WHAT TO DO:
Copy out all the lines of the data precisely, omitting any pictures.
(Beginning of PROVIDED MATERIAL)
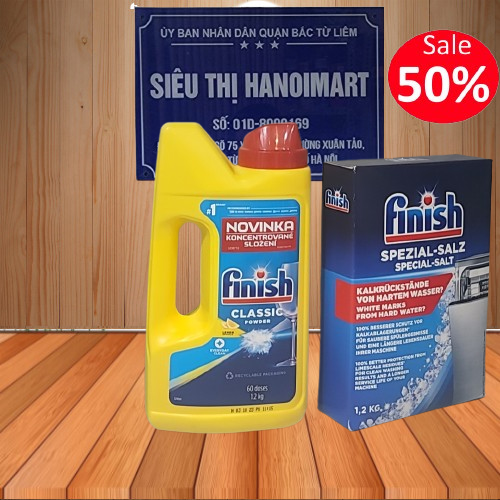 Bột rửa bát Finish 2.5kg + Muối Finish 1.2kg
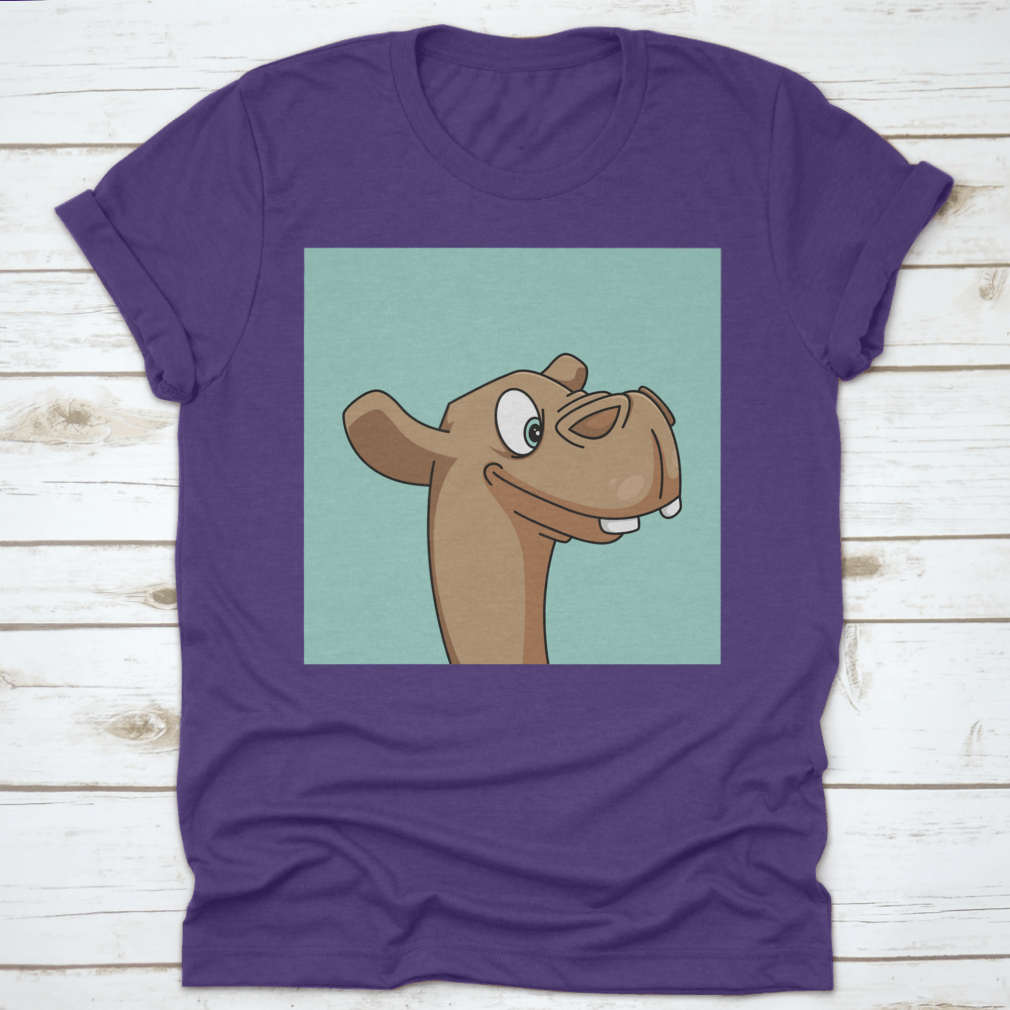 A stylish t-shirt featuring a unique mascot illustration design, made from 100% cotton for comfort.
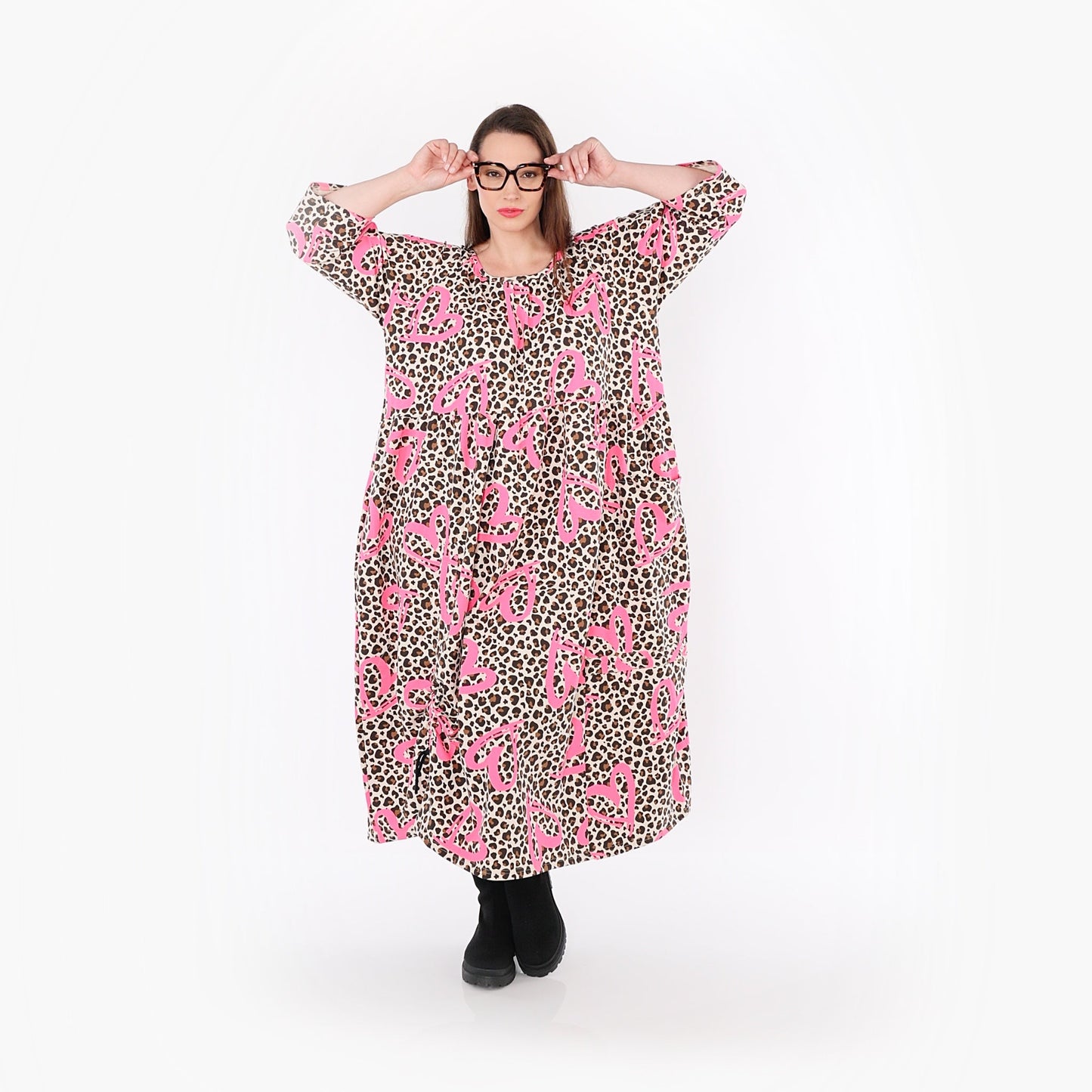 AKH Fashion 7122 Kleid, Beige-Braun-Fuchsia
(End of PROVIDED MATERIAL)
TASK SOLUTION:
 Bột rửa bát Finish 2.5kg + Muối Finish 1.2kg
 A stylish t-shirt featuring a unique mascot illustration design, made from 100% cotton for comfort.
 AKH Fashion 7122 Kleid, Beige-Braun-Fuchsia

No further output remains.